De acuerdo con lo anterior, resultan especialmente significativas las consideraciones sobre integridad y confianza que se establecen mutuamente entre los líderes y las personas que los siguen, tanto en el ámbito de equipos de trabajo, en el campo de las organizaciones, así como también en el entorno social en general.
La relación entre la integridad y el liderazgo ha sido extensamente explorada por muchos autores y se reflejan en cuatro teorías sobre liderazgo diferentes. Por ejemplo, el liderazgo transformacional presenta una impronta virtuosa en la que la integridad ocupa el centro de su formulación. El liderazgo ético promueve la integridad a través de las acciones personales e interpersonales y la promoción de su observancia. Por su parte, el liderazgo espiritual comprende los valores, las actitudes y los comportamientos para motivarse y motivar a otros. Por último, el liderazgo auténtico se ejerce a través de la conciencia profunda de cómo piensan y actúan los líderes y, a la vez, sobre cómo son percibidos por los demás.
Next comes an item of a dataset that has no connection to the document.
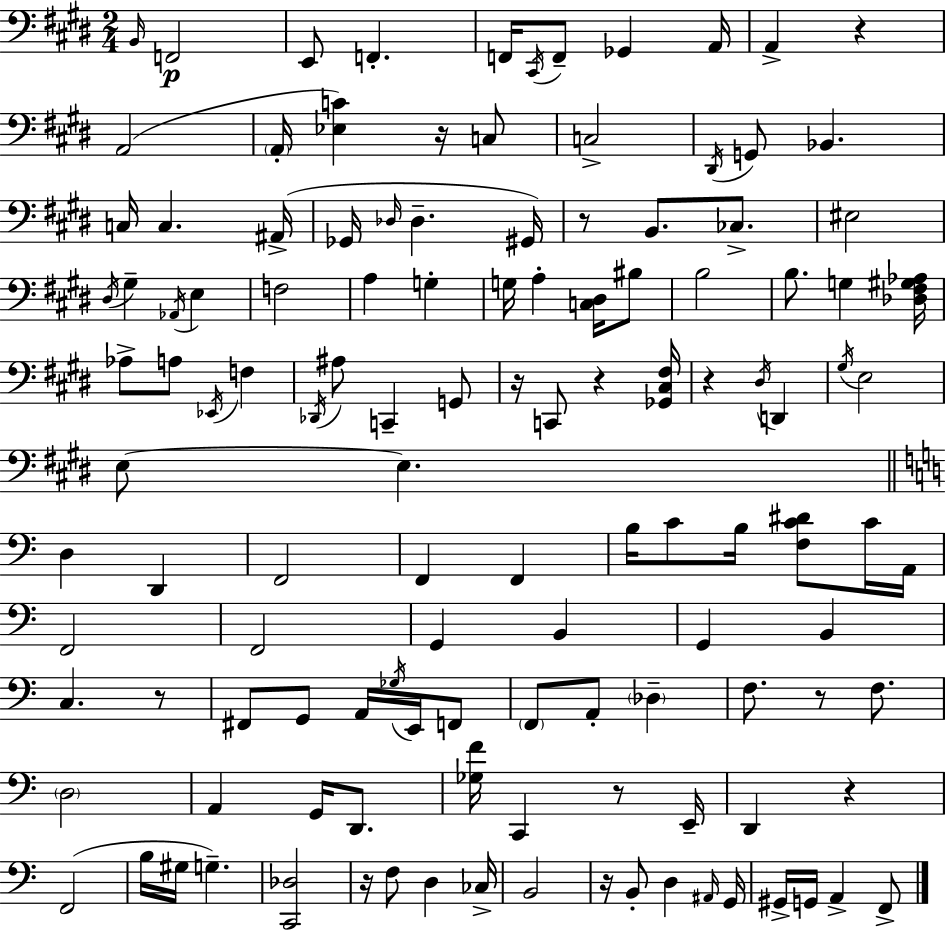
B2/s F2/h E2/e F2/q. F2/s C#2/s F2/e Gb2/q A2/s A2/q R/q A2/h A2/s [Eb3,C4]/q R/s C3/e C3/h D#2/s G2/e Bb2/q. C3/s C3/q. A#2/s Gb2/s Db3/s Db3/q. G#2/s R/e B2/e. CES3/e. EIS3/h D#3/s G#3/q Ab2/s E3/q F3/h A3/q G3/q G3/s A3/q [C3,D#3]/s BIS3/e B3/h B3/e. G3/q [Db3,F#3,G#3,Ab3]/s Ab3/e A3/e Eb2/s F3/q Db2/s A#3/e C2/q G2/e R/s C2/e R/q [Gb2,C#3,F#3]/s R/q D#3/s D2/q G#3/s E3/h E3/e E3/q. D3/q D2/q F2/h F2/q F2/q B3/s C4/e B3/s [F3,C4,D#4]/e C4/s A2/s F2/h F2/h G2/q B2/q G2/q B2/q C3/q. R/e F#2/e G2/e A2/s Gb3/s E2/s F2/e F2/e A2/e Db3/q F3/e. R/e F3/e. D3/h A2/q G2/s D2/e. [Gb3,F4]/s C2/q R/e E2/s D2/q R/q F2/h B3/s G#3/s G3/q. [C2,Db3]/h R/s F3/e D3/q CES3/s B2/h R/s B2/e D3/q A#2/s G2/s G#2/s G2/s A2/q F2/e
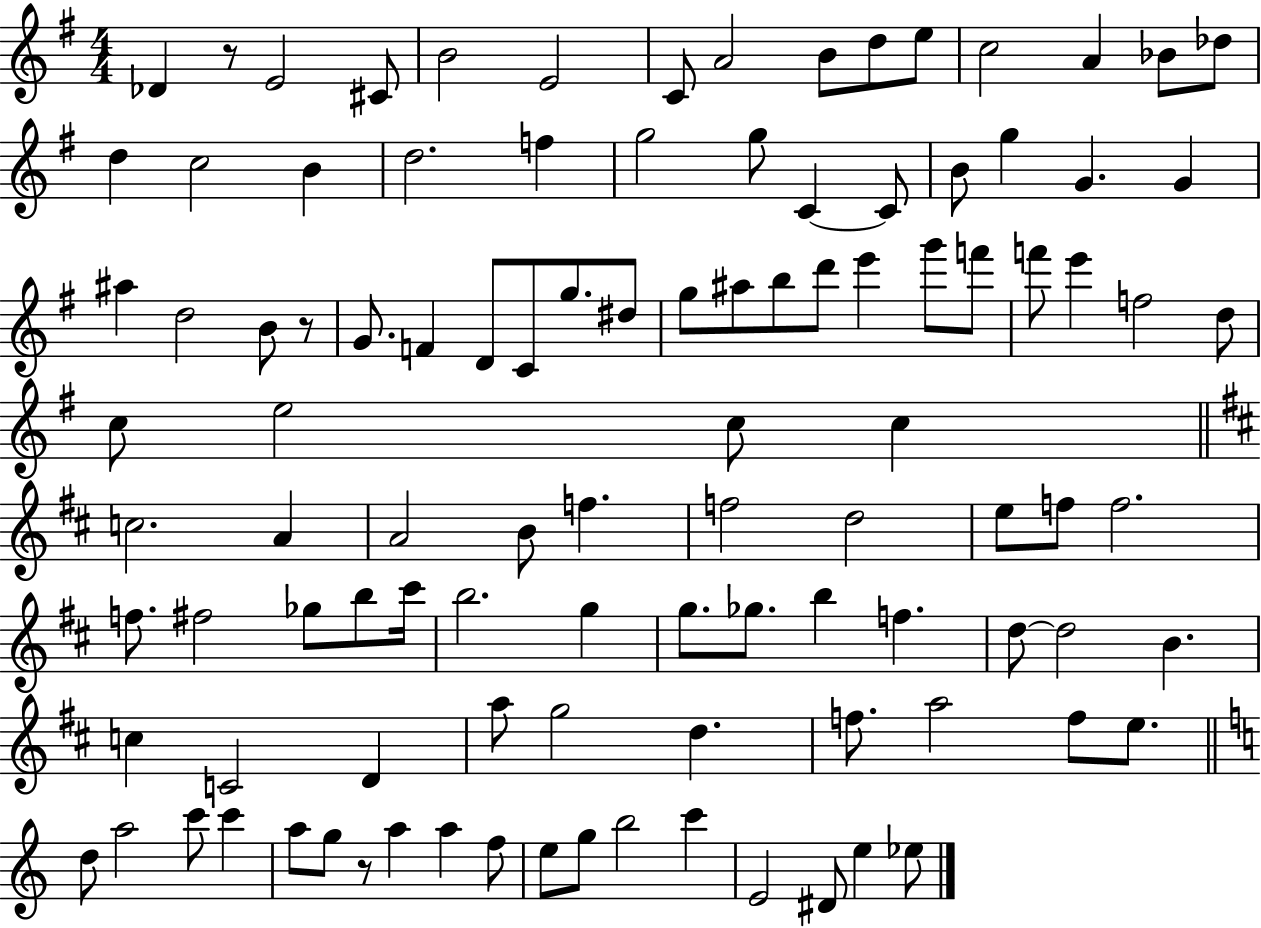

¿Cuán lejos estamos de estas descripciones? ¿Qué pasa con la integridad y la confianza en nuestra sociedad? Mi percepción es que existen muchos líderes que actúan íntegramente e intentan construir un ambiente de confianza que favorece su bienestar personal, el de las personas que integran sus equipos, los resultados de las organizaciones donde trabajan y el bienestar de su comunidad. Sin embargo, también observo otro conjunto de personas en posiciones de responsabilidad que manifiestan conductas que atentan contra la extensión de la confianza en nuestra sociedad. Y estos casos se destacan mucho más que los anteriores.
¿Qué podemos hacer al respecto? ¿Cómo podemos favorecer la extensión de conductas íntegras? La experiencia de otras sociedades y la investigación de numerosos académicos sugieren un camino posible.
Para empezar, nada es más poderoso que el ejemplo de los líderes. Aquí el término líder es utilizado en un sentido amplio. Todos nosotros lideramos (solos o junto con otros) y somos liderados. Por lo tanto, todos nosotros podemos exponer nuestra integridad, y en efecto lo hacemos cuando ajustamos nuestros actos a lo que decimos, cuando cumplimos nuestras promesas, incluso respetándolas en tiempos difíciles, y todo eso siguiendo valores éticos y morales elevados. En segundo lugar, cuando hacemos observar estos principios en quienes se relacionan con nosotros; también, cuando seleccionamos para emprender tareas conjuntas a personas que comparten esta forma de actuar, y creamos, asimismo, las condiciones para que muchos otros quieran hacerlo. Por último, cuando favorecemos la institucionalización de prácticas que impulsan conductas íntegras y refuerzan su adopción.
Así expuesto, es obvio que todos tenemos un rol para cumplir como líderes y seguidores en los diferentes niveles en los que actuamos. Si lo hacemos, podremos modificar el sentido en que parecen fluir los acontecimientos. De nosotros depende.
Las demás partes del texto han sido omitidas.